Bangun SMA Bertaraf Internasional

KARIMUN (HK)-Rencana Pemerintah Provinsi (Pemprov) Kepri membangun Sekolah Menengah Atas (SMA) bertaraf internasional di Sidorejo, Kelurahan Lubuk Semut, Kecamatan Karimun bakal terwujud. Pemprov Kepri mulai mengalokasikan anggaran pembebasan lahan untuk pembangunan sekolah itu melalui APBD Kepri 2017. "Tadi Kepala Dinas Pendidikan Kepri sudah datang kesini. Tadi beliau bilang, untuk tahapan awal dianggarkan pembebasan lahan dulu. Jadi, untuk pembangunan gedung sekolah kemungkinan di tahun 2018 nanti," ungkap Kepala Dinas Pendidikan Karimun Bakri Hasyim usai pembukaan pertandingan bola voli Amelia Cup, Jumat (20/1) siang.

Kata Bakri, anggaran pembebasan lahan gedung sekolah itu masih belum diketahui, berapa besaran anggarannya masih dalam tahap negosisasi antara Pemprov Kepri dan pemilik lahan. Jika sudah ada kesepakatan, maka anggaran itu langsung dikucurkan oleh Pemprov Kepri.

"Kalau soal anggaran pembebasan lahan masih berada di Provinsi Kepri. Begitu juga soal anggaran pembangunan gedung sekolah belum kami ketahui. Namun, sebelunya estimasi anggaran pembangunan gedung sekolah itu sekitar Rp1 miliar. Anggaran itu sudah termasuk pengadaan mobiler," sebutnya.

Bupati Karimun Aunur Rafiq sebelumnya mengatakan, sekolah negeri yang akan dibangun di Sidorejo nantinya bertaraf nasional bahkan internasional. Jika sekolah itu nanti sudah dibangun, maka akan membantu mengurangi beban sekolah SMA lain di Karimun, karena ada tujuan lain bagi orang tua murid untuk mendaftarkan anaknya sekolah," ungkap Aunur Rafiq.

Kata Rafiq, selama ini orang tua siswa di Karimun cenderung mendaftarkan anaknya ke sekolah favorit, seperti di SMA 4 atau SMA Binaan. Sementara, daya tampung di sekolah itu sangat terbatas. Begitu juga SMA 1 dan 2 memiliki keterbatasan ruang kelas. Sehingga, orang tua kebingungan untuk mendaftarkan anaknya sekolah.

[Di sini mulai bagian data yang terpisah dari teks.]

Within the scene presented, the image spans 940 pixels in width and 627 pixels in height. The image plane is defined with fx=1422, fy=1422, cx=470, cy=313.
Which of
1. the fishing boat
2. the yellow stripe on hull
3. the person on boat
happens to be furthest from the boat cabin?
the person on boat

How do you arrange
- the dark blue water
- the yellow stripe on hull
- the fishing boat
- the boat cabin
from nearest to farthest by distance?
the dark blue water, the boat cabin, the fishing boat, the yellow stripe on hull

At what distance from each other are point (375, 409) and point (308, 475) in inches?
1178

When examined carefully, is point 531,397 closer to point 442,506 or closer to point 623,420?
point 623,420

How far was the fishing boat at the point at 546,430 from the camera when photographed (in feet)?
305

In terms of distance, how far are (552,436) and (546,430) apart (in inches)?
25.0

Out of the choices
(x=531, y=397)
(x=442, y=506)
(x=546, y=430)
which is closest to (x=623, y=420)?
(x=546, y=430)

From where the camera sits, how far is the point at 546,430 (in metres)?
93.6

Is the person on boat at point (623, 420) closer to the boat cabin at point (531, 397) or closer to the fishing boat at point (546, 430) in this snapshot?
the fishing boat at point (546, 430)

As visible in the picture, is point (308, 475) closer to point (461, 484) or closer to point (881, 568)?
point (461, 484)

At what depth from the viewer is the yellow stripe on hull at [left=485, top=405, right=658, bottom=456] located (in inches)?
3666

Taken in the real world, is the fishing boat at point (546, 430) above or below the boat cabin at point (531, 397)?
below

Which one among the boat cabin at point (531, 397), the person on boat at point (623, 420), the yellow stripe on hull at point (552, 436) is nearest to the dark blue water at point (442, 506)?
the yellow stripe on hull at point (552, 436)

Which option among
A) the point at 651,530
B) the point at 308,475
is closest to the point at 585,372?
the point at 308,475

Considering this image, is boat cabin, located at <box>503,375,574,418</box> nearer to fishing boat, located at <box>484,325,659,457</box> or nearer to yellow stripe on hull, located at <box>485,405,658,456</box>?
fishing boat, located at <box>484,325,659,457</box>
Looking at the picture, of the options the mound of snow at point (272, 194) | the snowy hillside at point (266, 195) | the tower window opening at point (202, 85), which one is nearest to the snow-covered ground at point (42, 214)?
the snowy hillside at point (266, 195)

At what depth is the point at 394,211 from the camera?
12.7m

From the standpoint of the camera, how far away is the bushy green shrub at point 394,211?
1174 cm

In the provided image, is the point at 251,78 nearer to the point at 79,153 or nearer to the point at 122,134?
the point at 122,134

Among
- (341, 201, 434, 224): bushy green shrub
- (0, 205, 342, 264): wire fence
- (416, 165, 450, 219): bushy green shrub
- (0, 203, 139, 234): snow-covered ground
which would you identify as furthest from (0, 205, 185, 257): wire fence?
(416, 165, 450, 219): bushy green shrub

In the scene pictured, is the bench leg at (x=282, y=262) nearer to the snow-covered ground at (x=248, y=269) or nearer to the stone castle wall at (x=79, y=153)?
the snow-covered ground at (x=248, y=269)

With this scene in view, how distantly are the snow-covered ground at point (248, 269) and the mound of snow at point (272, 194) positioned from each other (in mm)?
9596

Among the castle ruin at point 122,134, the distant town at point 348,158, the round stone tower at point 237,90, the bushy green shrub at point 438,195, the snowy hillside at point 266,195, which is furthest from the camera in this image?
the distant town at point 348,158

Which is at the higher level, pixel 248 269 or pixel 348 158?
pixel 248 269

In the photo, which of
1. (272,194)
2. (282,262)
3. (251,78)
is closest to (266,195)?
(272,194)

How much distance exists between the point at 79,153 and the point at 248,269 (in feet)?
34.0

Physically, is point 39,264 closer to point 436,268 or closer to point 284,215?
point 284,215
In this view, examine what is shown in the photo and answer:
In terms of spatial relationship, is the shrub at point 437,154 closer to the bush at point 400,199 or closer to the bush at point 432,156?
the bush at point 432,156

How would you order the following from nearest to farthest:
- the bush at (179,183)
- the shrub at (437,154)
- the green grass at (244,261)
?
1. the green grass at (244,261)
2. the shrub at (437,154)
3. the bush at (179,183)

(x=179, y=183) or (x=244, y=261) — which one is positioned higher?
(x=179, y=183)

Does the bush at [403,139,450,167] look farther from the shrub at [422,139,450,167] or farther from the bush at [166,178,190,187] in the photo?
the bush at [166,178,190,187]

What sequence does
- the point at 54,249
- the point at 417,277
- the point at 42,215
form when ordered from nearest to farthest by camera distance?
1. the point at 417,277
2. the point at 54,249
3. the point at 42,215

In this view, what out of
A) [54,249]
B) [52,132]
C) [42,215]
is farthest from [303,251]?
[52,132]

"Hampir semua sekolah di Karimun kekurangan kelas. Untuk membangun kelas baru, masih kekurangan anggaran. Coba lihat, SMA 1 saat ini sudah mencapai 800 siswa. Begitu juga SMA 2 sudah mencapai 900-an. Dengan kondisi itu, maka terjadi penambahan lokal-lokal baru yang dipungut melalui komite sekolah," tuturnya.

Aunur Rafiq menyebut, pembangunan SMA negeri di Sidorejo itu atas usulan dirinya kepada Gubernur Kepri Nurdin Basirun ketika Nurdin masih menjabat sebagai Bupati Karimun. Lokasi itu sudah sangat pas sekali, karena disana banyak berdiri lembaga-lembaga pendidikan di Karimun.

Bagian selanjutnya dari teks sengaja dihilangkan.